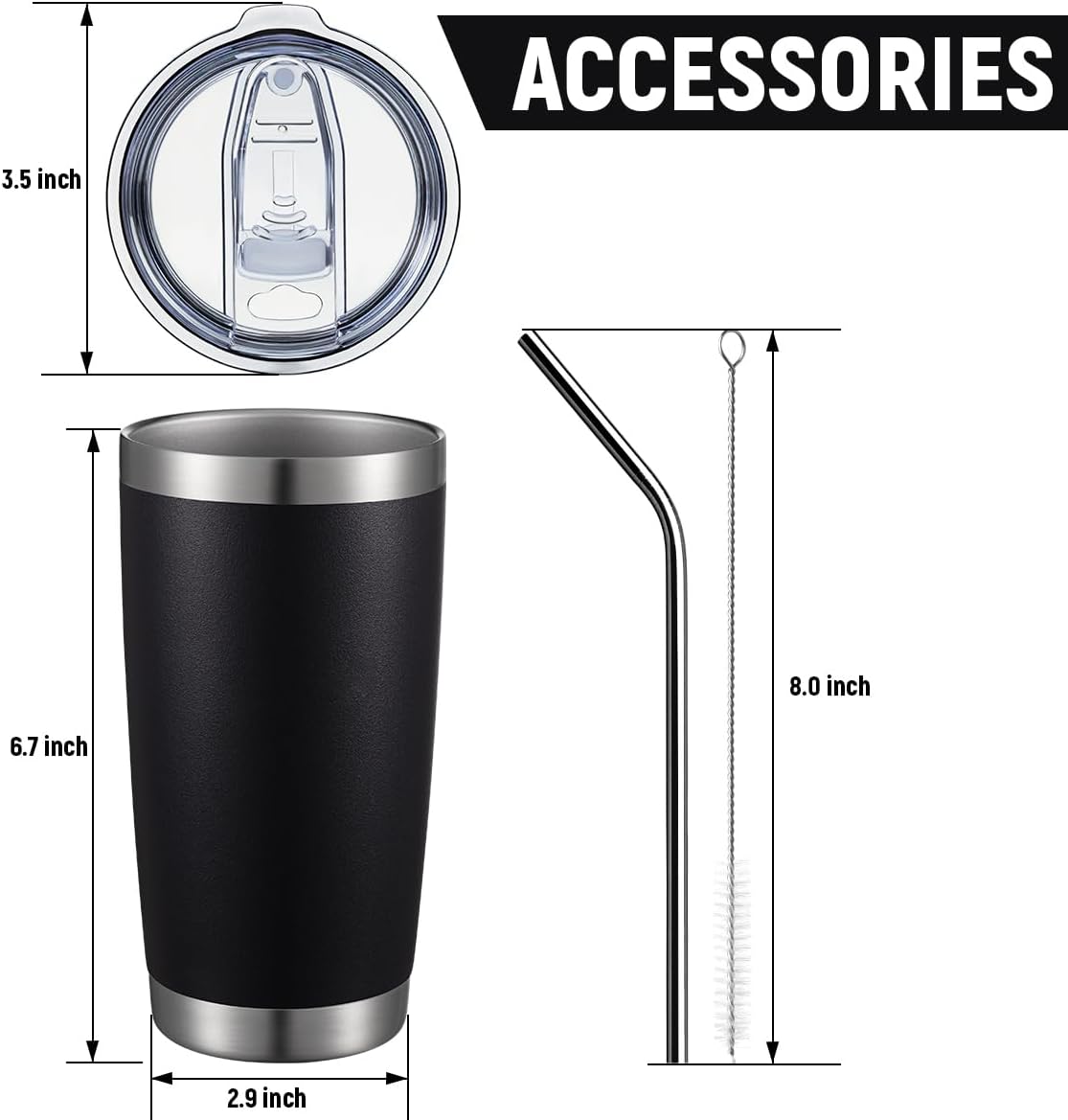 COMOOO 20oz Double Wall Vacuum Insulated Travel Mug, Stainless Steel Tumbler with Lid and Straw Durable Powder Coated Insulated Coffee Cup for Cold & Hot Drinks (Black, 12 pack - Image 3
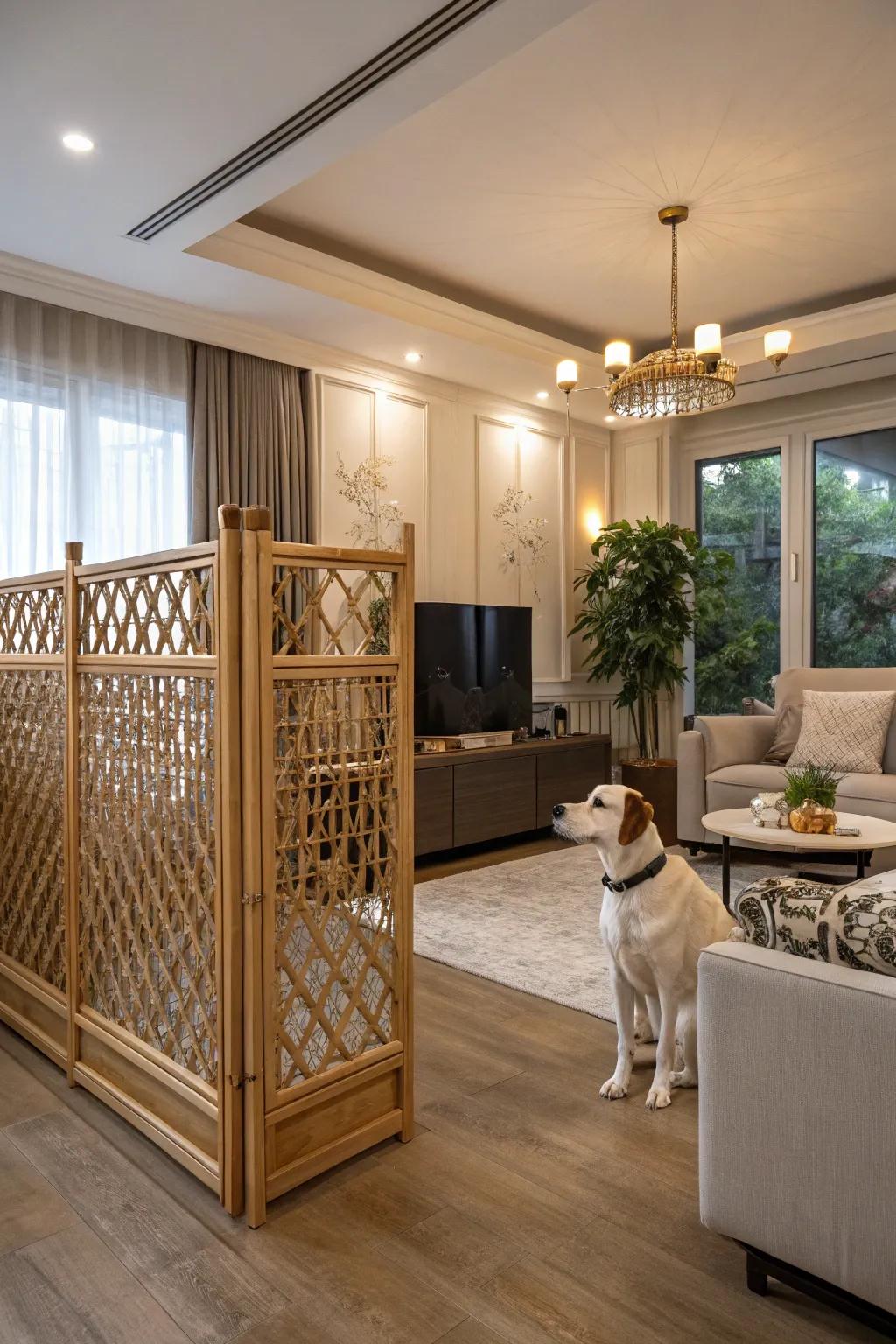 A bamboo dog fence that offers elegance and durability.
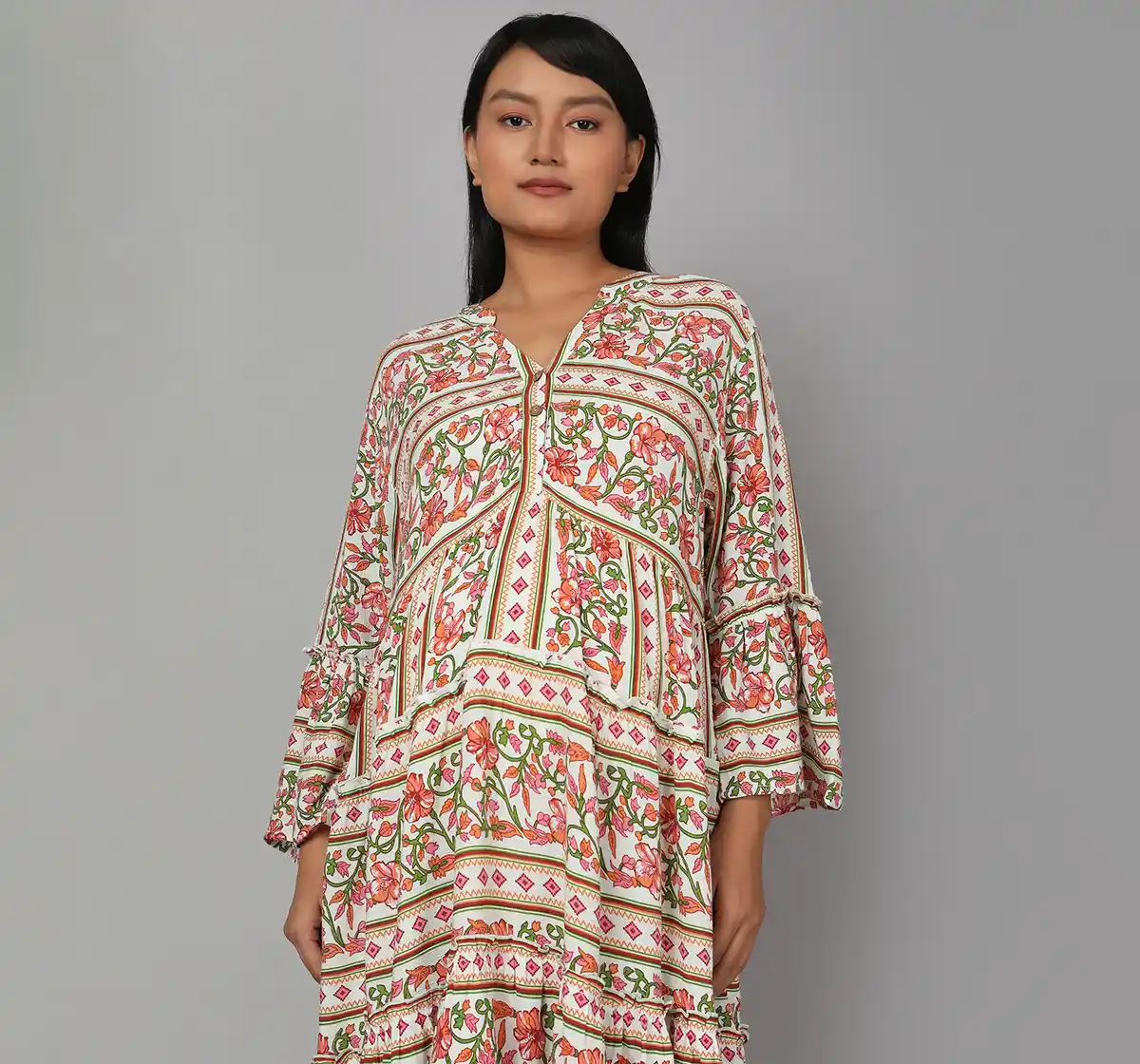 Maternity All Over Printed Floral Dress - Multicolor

......

▸ **Activity**:
An exact copy of the data is required, with the pictures excluded.

▸ **Answer to this task**:
 COMOOO 20oz Double Wall Vacuum Insulated Travel Mug, Stainless Steel Tumbler with Lid and Straw Durable Powder Coated Insulated Coffee Cup for Cold & Hot Drinks (Black, 12 pack - Image 3
 A bamboo dog fence that offers elegance and durability.
 Maternity All Over Printed Floral Dress - Multicolor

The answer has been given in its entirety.